The Act is expected to come into force in June 2024. Before that can happen, the Government must enact regulations dealing with a number of procedural, technical and administrative issues arising out of the Act. An initial consultation process is already underway to deal with certain aspects of the legislation. A second consultation process dealing with other aspects is scheduled to follow. The Government plans to present draft regulations to Parliament in early 2024. In the meantime, it has published a draft Guidance on the regulations, discussed below.
The catalyst for this new legislation was the action, in March 2022, by P & O Ferries (owned by DP World) where almost 800 employees were dismissed without notice or consultation with the unions. The crews were replaced with lower-paid agency workers.
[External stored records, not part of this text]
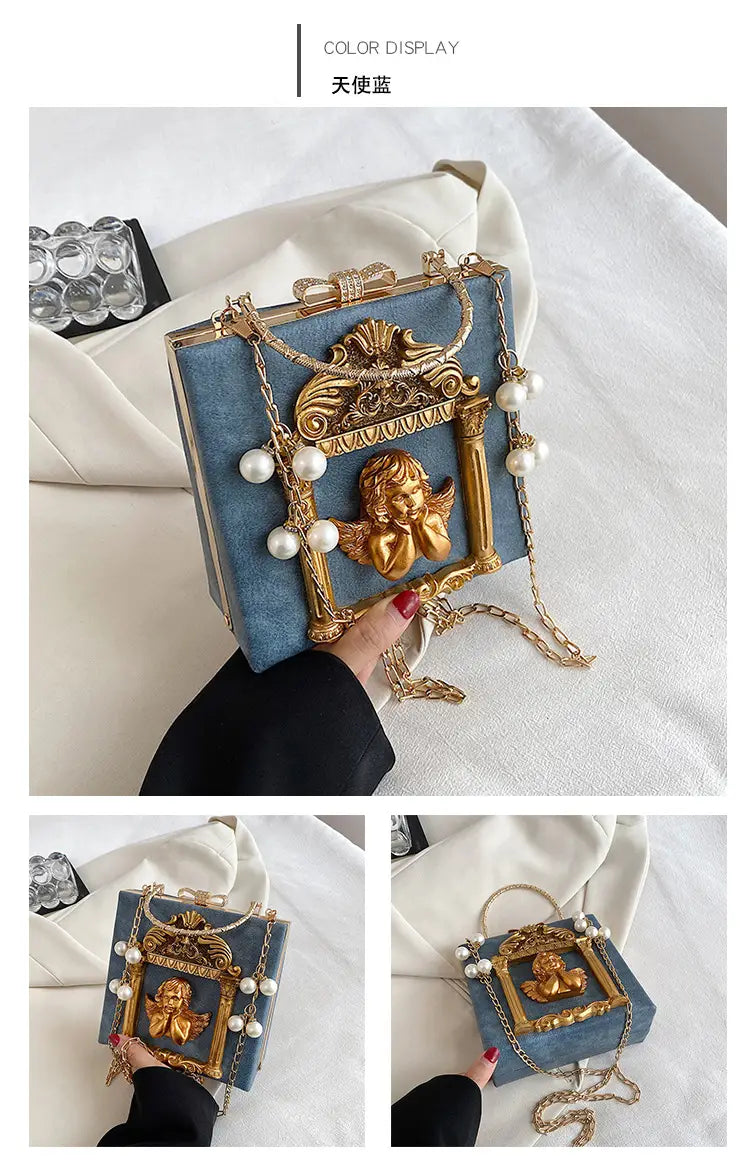 Ornate blue velvet shoulder chain bag with gold frame, pearls, and cherub detail.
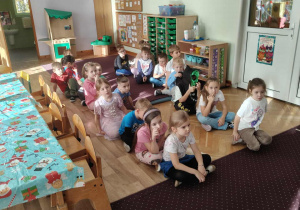 Dzieci siedzą w dwóch rzędach i czekają na swoją kolej, żeby wykonać zadania.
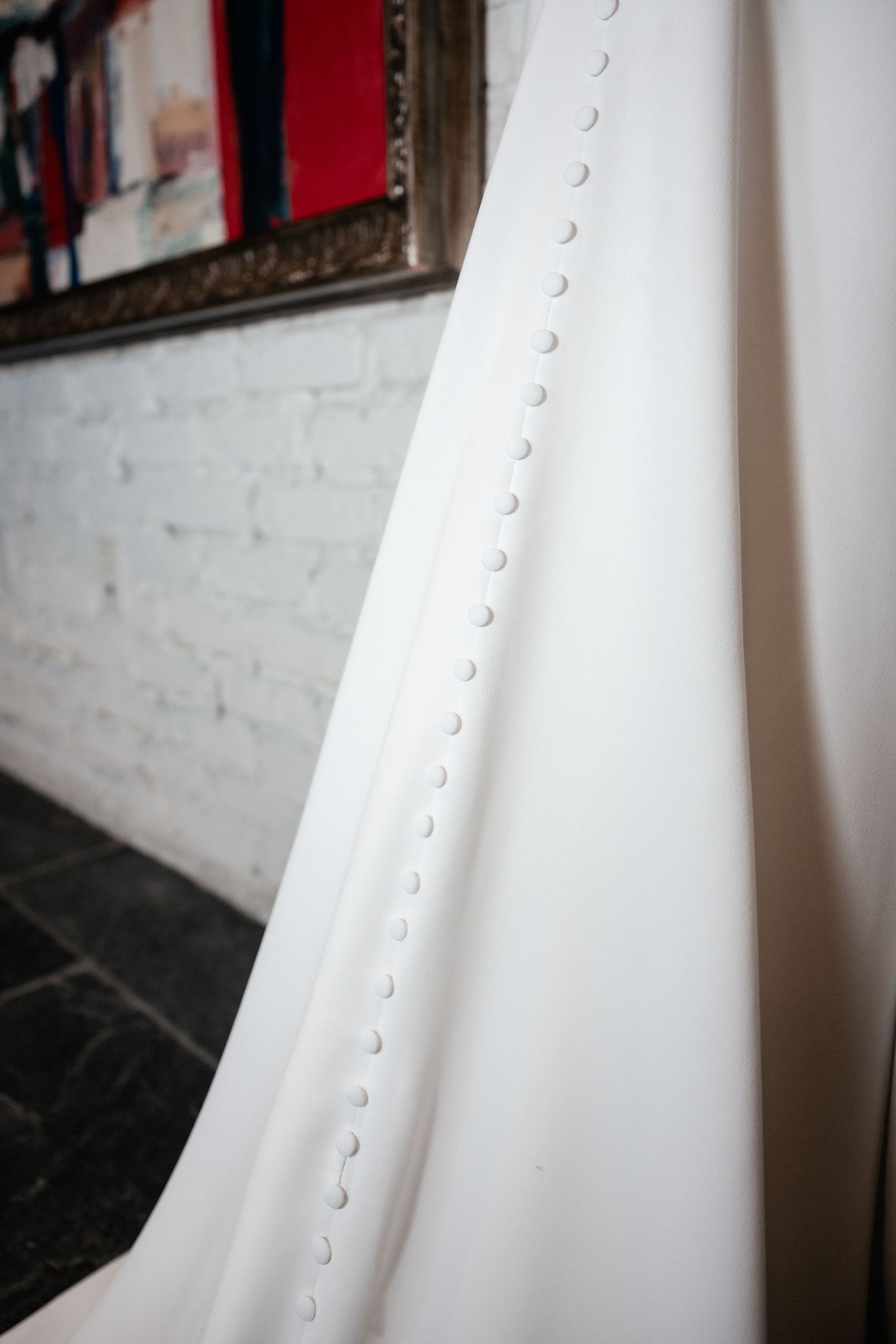Close-up detail of white wedding dress buttons in a row against a light background.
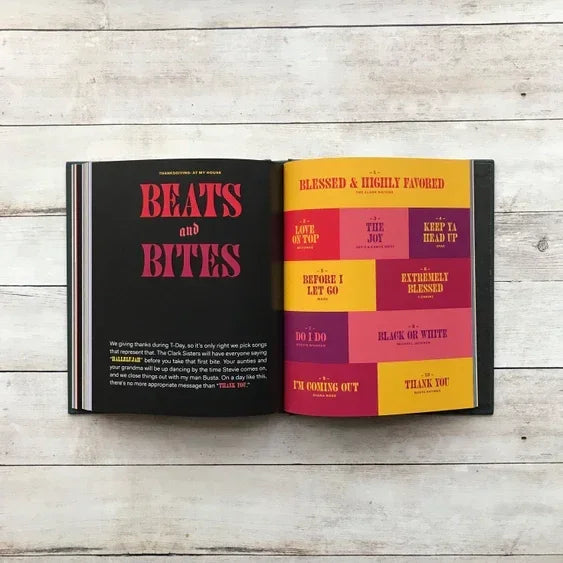 Open book on wood surface showing bold page titles 'Beats and Bites' with colorful song names.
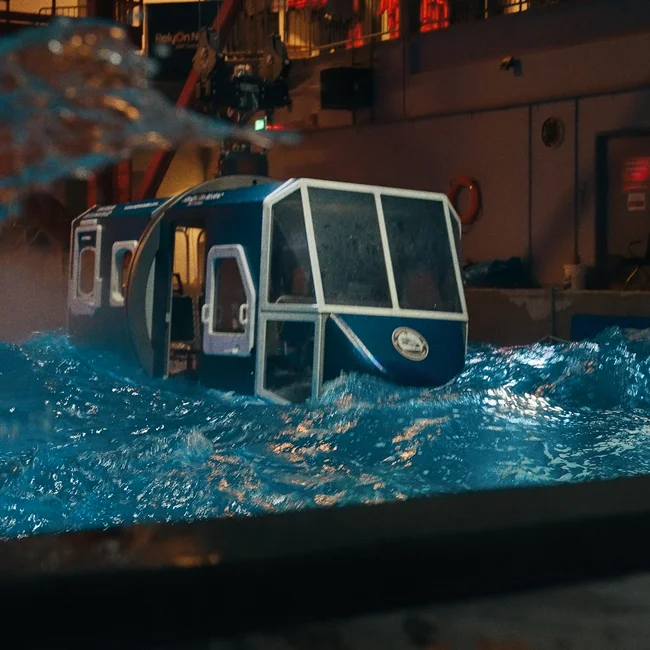 A helicopter model being submerged in a pool for real life training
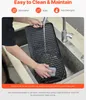A person is washing a grill plate in a sink. Náhľad obrázku produktu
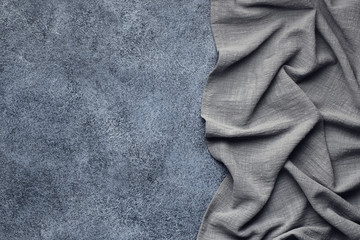 Gray tablecloth from right side concrete table top view. Food background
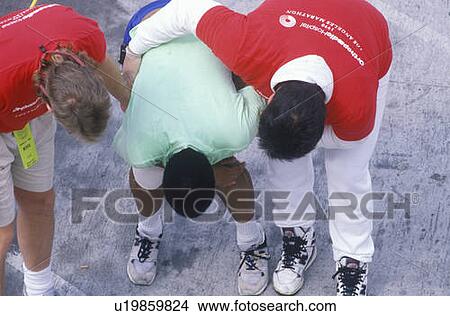 Picture - Group of runners stretching during Marathon. Fotosearch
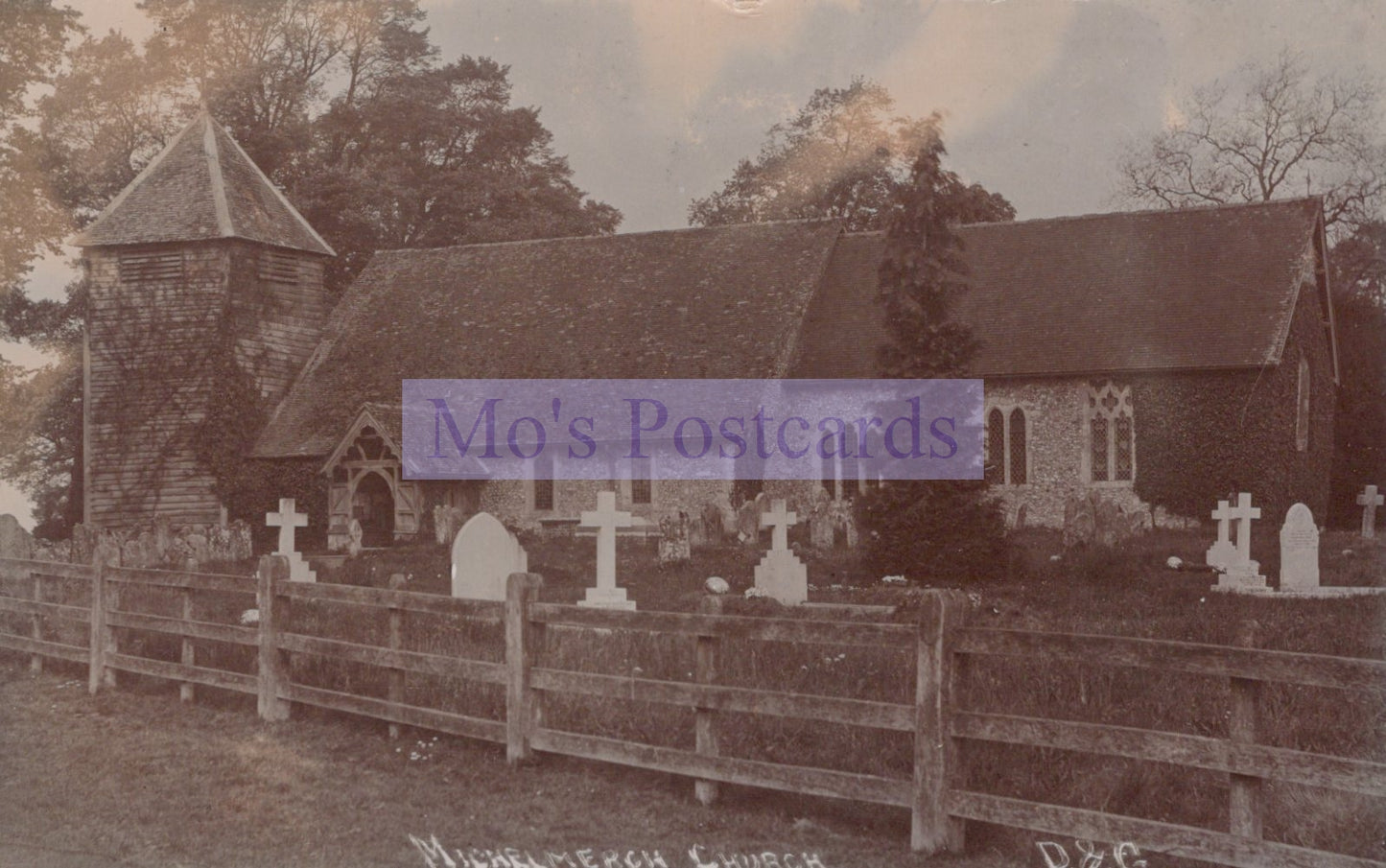 Vintage photograph of a church with a graveyard and wooden fence.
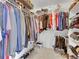 Well-organized walk-in closet with ample storage, shelving, and hanging space for clothes and shoes at 10062 Eagle Valley Way, Highlands Ranch, CO 80129
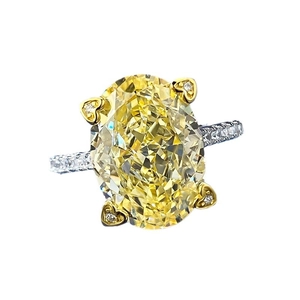 Oval yellow carbon diamond ring with heart-shaped prongs on S925 sterling silver band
This much-publicised incident highlighted the fact that seafarers working on international routes to or from UK ports were only entitled to the UK national minimum wage (NMW) if they were working or usually worked in the UK. In simple terms, this covered only seafarers who worked or ordinarily worked in UK territorial waters whatever their place of residence or the flag of the vessel on which they worked.
At the same time, UK-resident seafarers who were entitled to the NMW were at risk of being passed over by shipowners and operators who did not want to pay the minimum wage and who could find cheaper labour elsewhere. The Government, therefore, sought to level the playing field by ensuring that seafarers with close ties to the UK are paid at least an amount equivalent to the UK NMW whilst the ships they are onboard are within UK territorial waters. As at November 2023, the NMW is £10.42 for individuals who are 23 years old or older.
The Act applies to services which carry goods or people by ship between a place outside the UK and a place in the UK. It requires harbour authorities to ask the operator of a service which enters a UK harbour 120 times or more in a year (or is reasonably believed to do so) for a declaration that seafarers on the service who do not qualify for the UK NMW are being paid at least NMW for their work (work in the UK or UK territorial waters).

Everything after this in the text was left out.